In 1840, due to complaints from Armenians (Note: Those who had migrated from Iran were especially unhappy and claimed that they had enjoyed better treatment in Iran.) and the small pack of Russian officials about the high-handed measures of the province's Muslim administrators, the Russian government issued a decree which forced "all local laws and customs to be set aside, that all business be conducted in Russian and that Russians staff all administrative offices". Simultaneously, the Russians ended the separate status of the Armenian Oblast, and merged it into the newly established Georgian-Imeretian Province.

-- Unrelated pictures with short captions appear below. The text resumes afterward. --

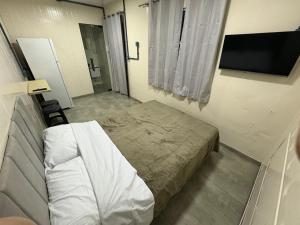 a small bedroom with a bed and a television at Contêineres em Bombinhas in Bombinhas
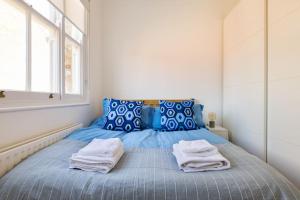 a bedroom with a blue bed with towels on it at The Perfect Portobello Loft in London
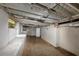 Unfinished basement with exposed ceiling, window and white painted walls awaiting customization and offers extra storage or living space at 3170 Bellgreen Way, Decatur, GA 30032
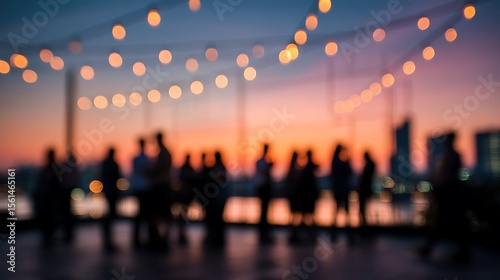 Fototapeta Naklejka Na Ścianę i Meble -  Rooftop party with string lights and silhouettes of people against a colorful sunset sky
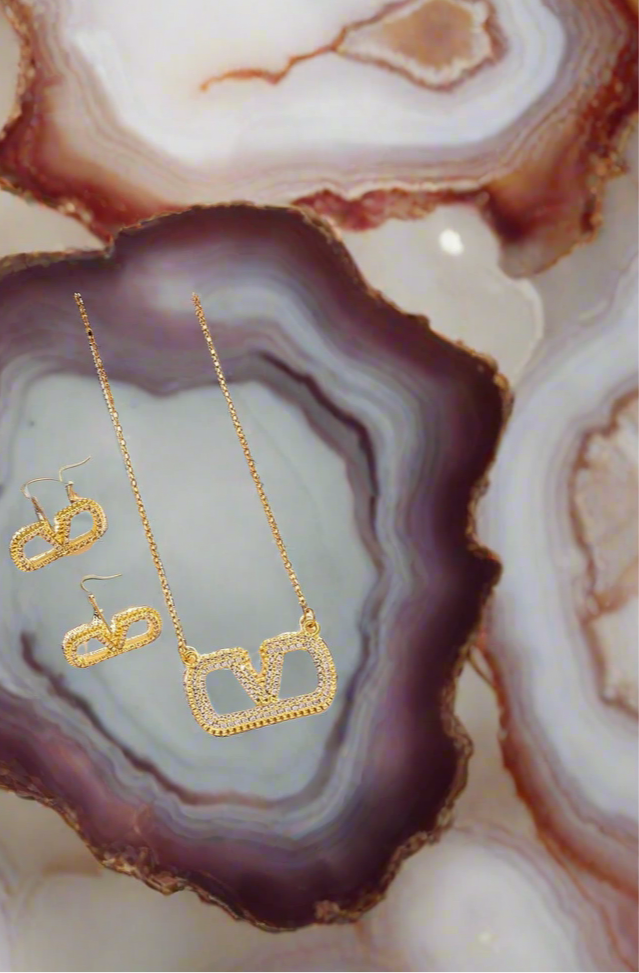 Assorted logo earrings and jewelry sets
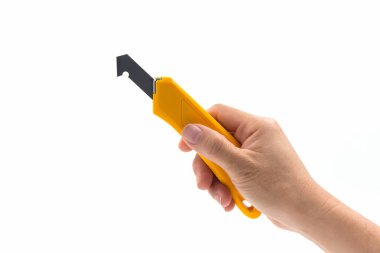 Sarı Plastik tutan Closeup el laminat kesici bıçak.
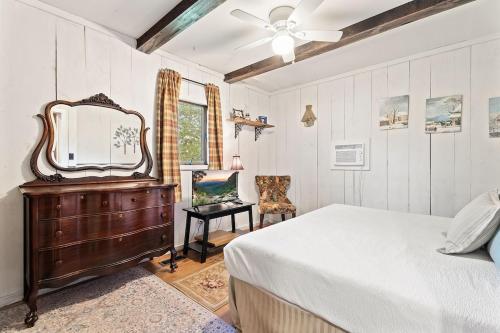 a bedroom with a bed and a mirror and a chair at Rustic Cabin Getaway Close to Everything Fun! in Beaver Dams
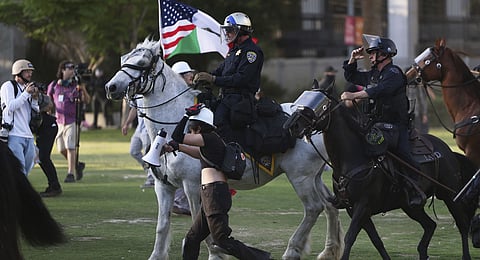 Los Angeles Metro police on horseback disperse protesters on Wednesday, June 11, 2025, in Los Angeles.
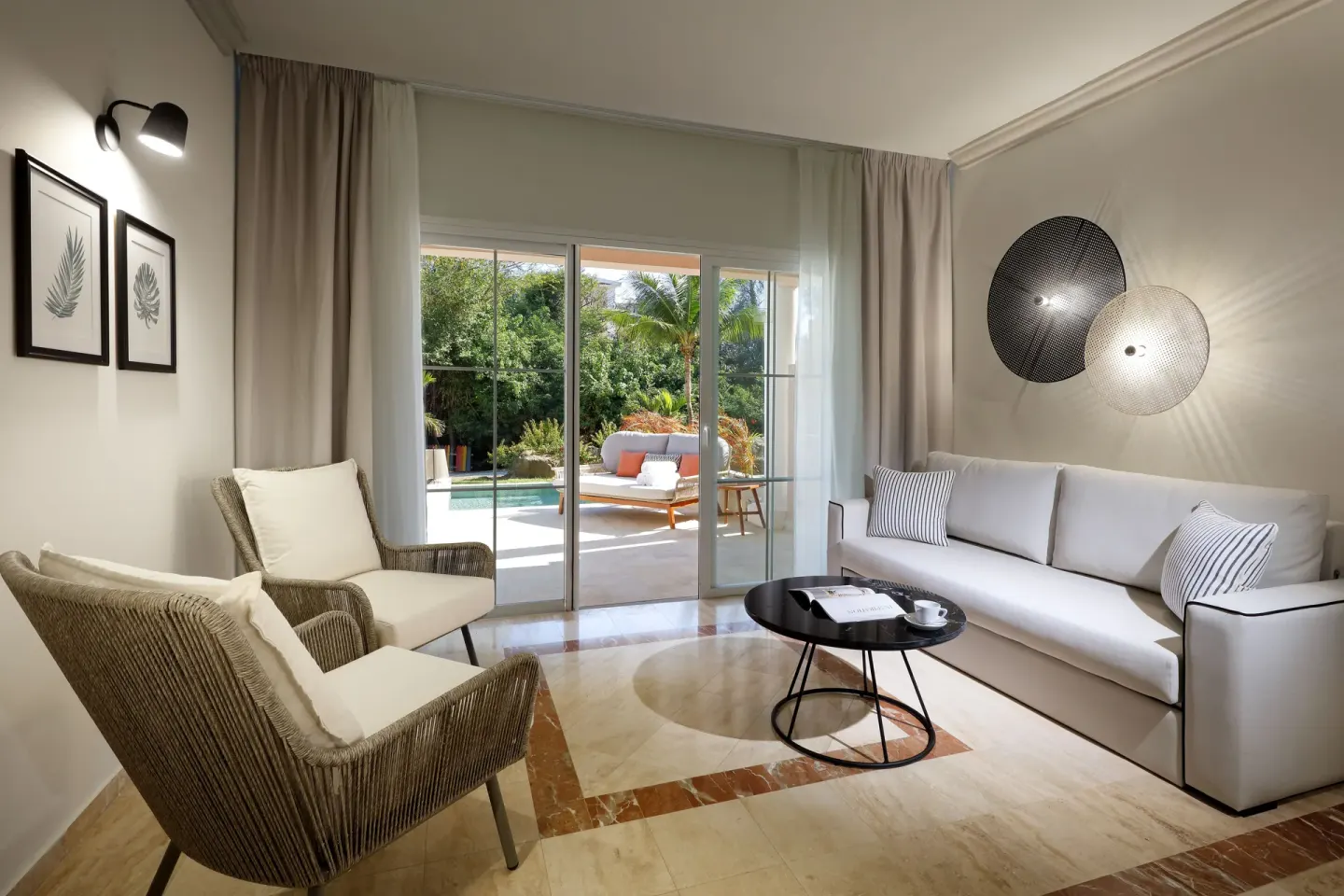 Guest room sitting area opening to a terrace at Grand Palladium Jamaica Resort & Spa.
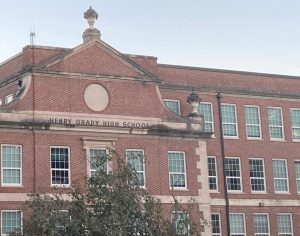 The Atlanta Board of Education voted to finalize Midtown High School as the new name for Henry W. Grady High School. 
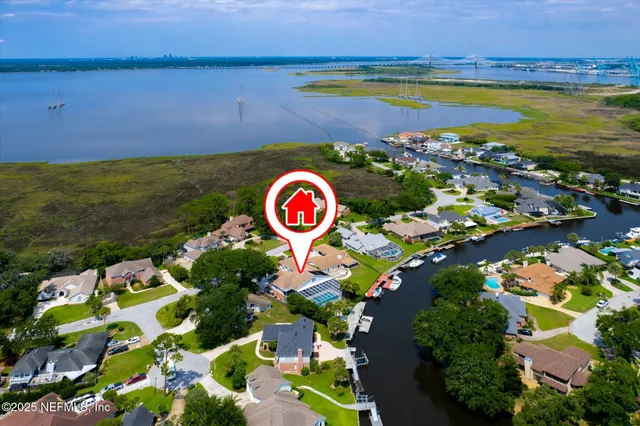 an aerial view of residential houses with outdoor space and swimming pool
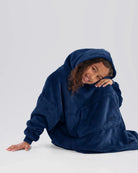 Model seated while wearing The Dream Jr. in Blue.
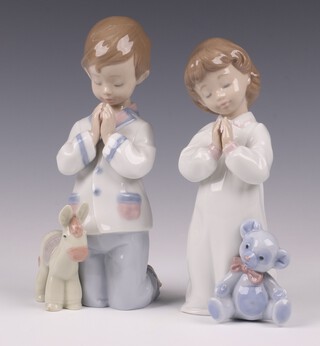 A pair of Lladro figures - Night Time Blessings  and Bless Us All 17cm 
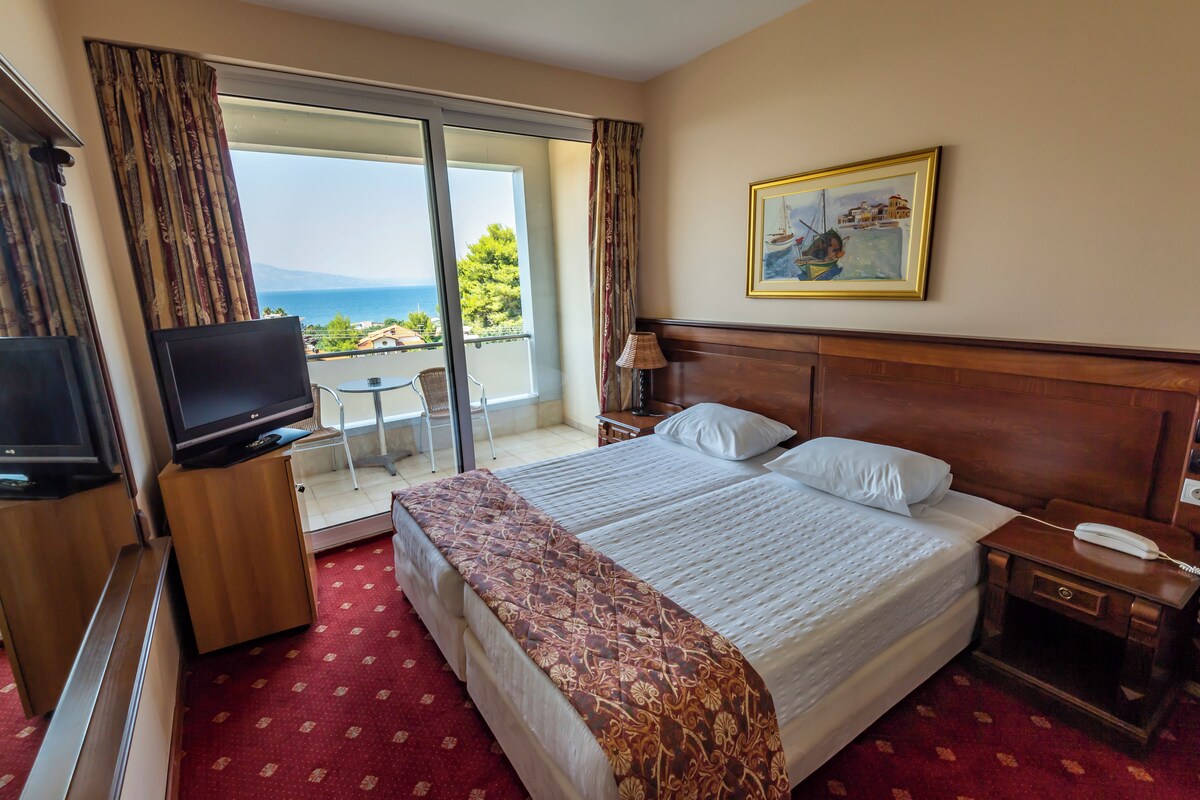 Une chambre d’hôtel avec un grand lit, une télévision, un bureau avec une lampe et un balcon donnant sur la mer.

The new division did not last long. Already in 1844, four years later, in order to further consolidate the Russian hold over the North Caucasus and South Caucasus, the Caucasus Viceroyalty was re-established, in which the former Armenian Oblast formed a subdivision of the Tiflis Governorate. Five years later, in 1849, the Erivan Governorate was established, separate from the Tiflis Governorate. It included the territory of the former Erivan and Nakhchivan khanates.

==Demographics==
===Background===
Immediately after the Russian-Iranian War of 1826-1828, the Russians "combined the former Iranian khanates of Yerevan and Nakhichevan into the newly formed Armenian Province". As per the Russian surveys which were conducted by Ivan Chopin from 1829 to 1832, the Muslim (Tatar, (Note: The term "Tatars", employed by the Russians, referred to Turkish-speaking Muslims (Shia and Sunni) of Transcaucasia. Unlike the Armenians and Georgians, the Tatars did not have their own alphabet and used the Perso-Arabic script. After 1918 with the establishment of the Azerbaijan Democratic Republic, and "especially during the Soviet era", the Tatar group identified itself as "Azerbaijani". Prior to 1918 the word "Azerbaijan" exclusively referred to the Iranian province of Azarbayjan.) Kurdish and Iranian) population of the Erivan Khanate in the last year of Iranian rule had amounted to 49,875 (71,5%) of the total population of the khanate. The Armenian natives of the Erivan Khanate numbered 20,073 (28,5%) in the same year. The Muslim population of the Nakhichevan Khanate had been 24,385 (83%), whereas Armenians numbered 5,078 (17%). According to the 1829-1832 Russian surveys, on the eve of the Russian conquest, the total number of inhabitants of what was bound to become the Russian-administered Armenian Oblast (i.e., the combined number of people of the Erivan and Nakhichevan khanates), amounted to 99,411, of which 74,260 (75%) were Muslims and 25,151 were Armenians (25%). Bournoutian estimates that if the ruling Qajar hierarchy and the nomads (Note: Most nomads returned after Iran ceded the territory to Russia.) who left after the war are added, the total population was somewhat over 100,000. Ethnic Armenians were a majority in only 3 (Kırk-Bulagh, Sardarabad and Karbi-Basar) of the 15 mahals of the Erivan Khanate, and just in 1 (Agulis/Akulis) of the 10 mahals of the Nakhichevan Khanate.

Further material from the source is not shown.